Uma das questões críticas nestas eleições é a confiança nas sondagens. Depois do falhanço de há quatro anos, as principais empresas de sondagens introduziram correções as seus modelos e questionários de forma a terem resultados mais fiáveis - o que aconteceu, por exemplo, mas eleições intercalares americanas. Nas eleições presidenciais de 2020 essa é uma incógnita. Joe Biden chegou ao dia das eleições em vantagem pela esmagadora maioria das sondagens, mas, mais uma vez, serão as próximas horas e dias a mostrar grau de fiabilidade.
Uma das explicações avançadas para um possível desfasamento entre os votos expressos e as intenções comunicadas nas sondagens prende-se com um determinado eleitorado de Donald Trump que se recusa a responder quando questionado sobre em quem vai votar. Se o número de pessoas que não expressa a sua intenção for expressivo - seja por opção de não partilhar, seja inclusive pelo pudor de assumir esse voto - o impacto nos resultados efetivos poderá ditar uma realidade diferente das sondagens.
Porque é que todos falam do "mágico" número dos 270 votos?
Tem a ver com a especificidade do sistema eleitoral americano que pode ler em detalhe neste artigo.
O Colégio Eleitoral designa um conjunto de pessoas que escolhe o presidente dos Estados Unidos da América.
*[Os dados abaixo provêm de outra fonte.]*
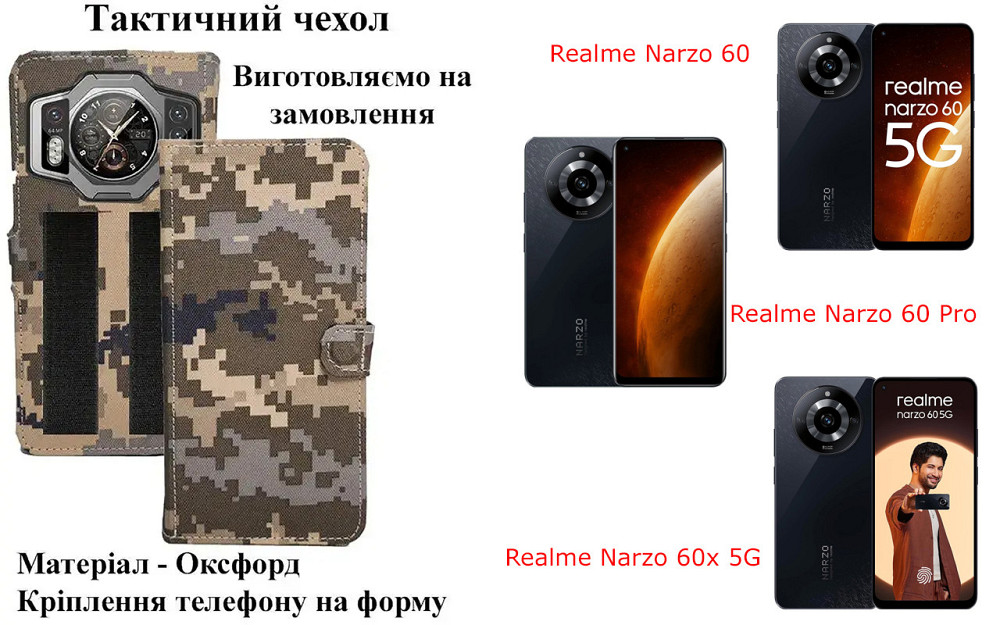 Тактический чехол для OPPO Reno5 5G, OPPO Reno5 Lite, крепится к снаряжению на липучке Киев - изображение 1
Aos membros do Colégio Eleitoral dá-se o nome de Grandes Eleitores e são 538 no total, tantos quanto os membros do Congresso que é a chave de um sistema equilibrado por pesos e contrapesos que coloca 100 senadores e 435 elementos da Câmara dos Representantes à frente dos dois órgãos legislativos do país. A estes 535 nomes juntam-se três delegados do Distrito de Columbia (ou Washington, DC), que não possui membros nas câmaras (ou, pelo menos, em iguais condições aos estados propriamente ditos). Desta feita, chegamos aos 538 Grande Eleitores cujos mandatos estão a ser apurados mediante a contagem do voto popular que está agora a ser feita.
Este sistema tem duas particularidades (tem mais, mas olhemos para as essenciais).
A primeira é que os estados não têm o mesmo número de mandatos ou de "Grandes Eleitores". Depende da dimensão populacional mas depende também da relevância que os "Pais Fundadores", que definiram as regras constitucionais, atribuíram ao facto de estados mais periféricos e menos populacionais serem ouvidos e levados em linha de conta no processo eleitoral.
A segunda é a máxima de "the winner takes it all", o que significa que o partido que vença num estado levará todos os Grandes Eleitores desse estado consigo (mesmo que a vitória ou a derrota seja decidida por meia dúzia de votos).
É preciso paciência. Todos os votos contam, mesmo que num sistema com regras diferentes das que estamos habituados.